• **Directions for this task**
The output should consist solely of the line containing "Kanchipuram Silk with" and all lines after it through the final line of the entries below, reproduced exactly.

──────── Source data ────────

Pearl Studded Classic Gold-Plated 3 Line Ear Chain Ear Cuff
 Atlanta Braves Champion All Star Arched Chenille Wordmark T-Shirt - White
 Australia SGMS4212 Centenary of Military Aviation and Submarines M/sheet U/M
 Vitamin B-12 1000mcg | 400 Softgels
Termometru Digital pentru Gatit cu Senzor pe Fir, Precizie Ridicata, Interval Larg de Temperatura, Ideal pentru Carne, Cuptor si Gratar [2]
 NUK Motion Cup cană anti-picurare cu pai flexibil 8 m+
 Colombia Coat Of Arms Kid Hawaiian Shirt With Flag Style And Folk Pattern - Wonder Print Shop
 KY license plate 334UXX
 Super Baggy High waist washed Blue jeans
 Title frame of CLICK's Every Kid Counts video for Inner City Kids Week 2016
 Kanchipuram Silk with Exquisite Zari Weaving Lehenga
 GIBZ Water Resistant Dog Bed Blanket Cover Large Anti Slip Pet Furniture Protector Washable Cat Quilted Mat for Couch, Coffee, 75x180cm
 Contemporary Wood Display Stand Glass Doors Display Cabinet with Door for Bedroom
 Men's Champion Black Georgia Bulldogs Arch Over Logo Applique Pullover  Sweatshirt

────────

• **Exercise result**
 Kanchipuram Silk with Exquisite Zari Weaving Lehenga
 GIBZ Water Resistant Dog Bed Blanket Cover Large Anti Slip Pet Furniture Protector Washable Cat Quilted Mat for Couch, Coffee, 75x180cm
 Contemporary Wood Display Stand Glass Doors Display Cabinet with Door for Bedroom
 Men's Champion Black Georgia Bulldogs Arch Over Logo Applique Pullover  Sweatshirt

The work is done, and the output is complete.